Rather than bore readers with stats, New York Mets starting pitcher R.A. Dickey refused to write a straightforward sports book. Instead he makes himself vulnerable, giving a raw account of childhood sexual abuse, infidelity and keeping his sanity after spending 14 years in the minor league system [No. 1 draft pick of the Texas Rangers in 1996]. Dickey found power through his anguish and explores his abuse in a new memoir, Wherever I Wind Up: My Quest for Truth, Authenticity, and the Perfect Knuckleball.
“I won’t say it was always easy to relive the most difficult times of my life, but I am a better, stronger person for having done so.” Dickey says he’s learning to live in the moment, whether it’s climbing Mt. Kilimanjaro to raise funds to stop human trafficking in Mumbai, or embracing his invigorated career with the Mets—the soft-spoken Tennessean has truly been transformed by Jesus Christ, he writes.
As far as his career, after spending time with the Rangers, Seattle Mariners and Minnesota Twins farm teams, Dickey inked a two-year deal with the Mets in 2011 and finished with a 3.28 ERA and was 13th best in the National League last season. R.A. is certainly overcoming the odds.
Why did you select this time to write this book?
Dickey: I really felt that God gave me a very unique story and it took awhile for me to get the equipment to process it and the vocabulary to communicate it. When these things started to happen, I felt a compulsion from God that he wanted me to share my story, even though it was very painful. I tried to be obedient to that, before I didn’t have the capacity to talk about it [abuse]. It took me a good five years to get to that place where I felt I could talk about it in a way that would make sense and also [that] was transparent.
Were you reluctant to be that transparent?

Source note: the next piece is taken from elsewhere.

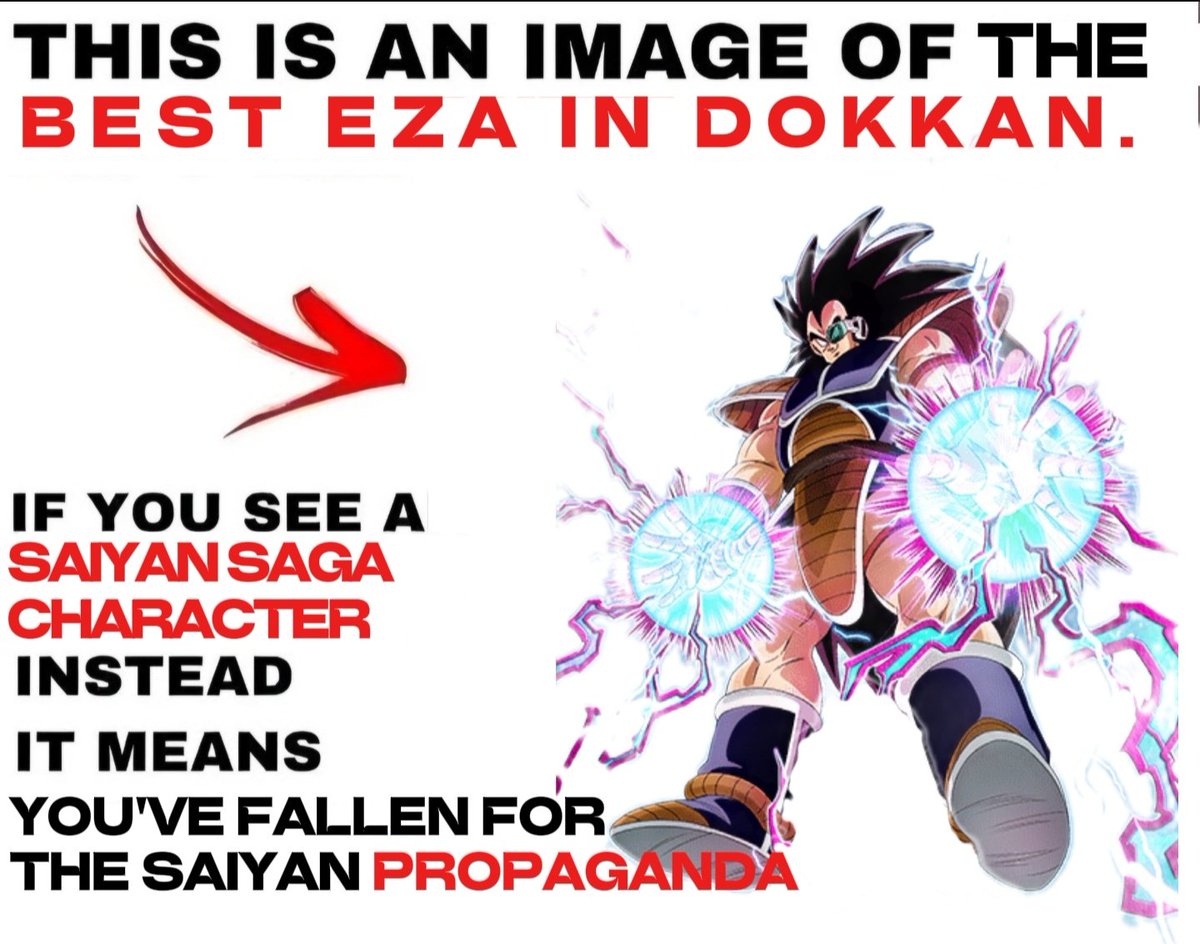 New meme before data download ✌️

Dickey: When you say reluctantly, I would say fear. That fear sometimes made me question the consequences of putting the story out there, sure. But in the end I think that made it even more powerful to me in the midst, you know—and to be an active player. I felt God could use that in that moment. I tried to make decisions to get the story out while I was an active player.
Was there a pivotal moment when you really sensed God and his direction?
Dickey: I hope to communicate in the book that God is not a God of second chances. He is a God of third, fourth, fifth and sixth chances. Consequently, I heard the voice, a myriad of times. [There’s] a place in the book where I talk about when [former Texas Ranger GM] Doug Melvin took away my signing bonus. Not just my signing bonus. It was the hope of possibly never playing in the big leagues [Dickey was missing his ulnar collateral ligament, and Melvin reduced the offer to $75,000 from $810,000]. You know I really wanted to erupt. Whether it was curse words or having a bad temper, I really felt God say “I got you. Don’t do that. I got you. Everything is going to be OK”. So I got up and walked out trying to be obedient to that voice. That was one instance. Another instance was when I tried to swim across the Missouri River and almost died. I was on the banks of the Missouri and happy to be alive. I felt God saying to me that my life was going to be different. I didn’t really know what that meant. But everything seemed to have more flavor to it and I was able to live in the moment like never before with my wife, with my children—with my career. That he had showed me a different way to live.
Is there a scripture that really encourages you?
Dickey: Zephaniah 3:17. That God is in our midst. He is a fierce warrior. The whole idea of Him being in my midst and always around is comforting. [“The LORD thy God in the midst of thee is mighty; he will save, he will rejoice over thee with joy; he will rest in his love, he will joy over thee…”].
You are doing well with the Mets. Do you feel now that your life has come full circle?
Dickey: I can appreciate that, but I am not very good at celebrating things…. I spent a lifetime thinking that there was the next drama around the corner. I haven’t got to the point where I can celebrate things. As far as coming full circle, I can certainly appreciate that. You know I can be thankful for that. I can see God’s care for me in that. But as far as relaxing in that, it’s just hard for me to do. That could be the next part of my journey is ‘How do I celebrate well…’? I have spent a lifetime of trying to survive. All those mechanisms have root in me. So I’m slowly but surely trying to break some of those down and replace them with the ability to be free enough to hope and to be free enough to [be happy…].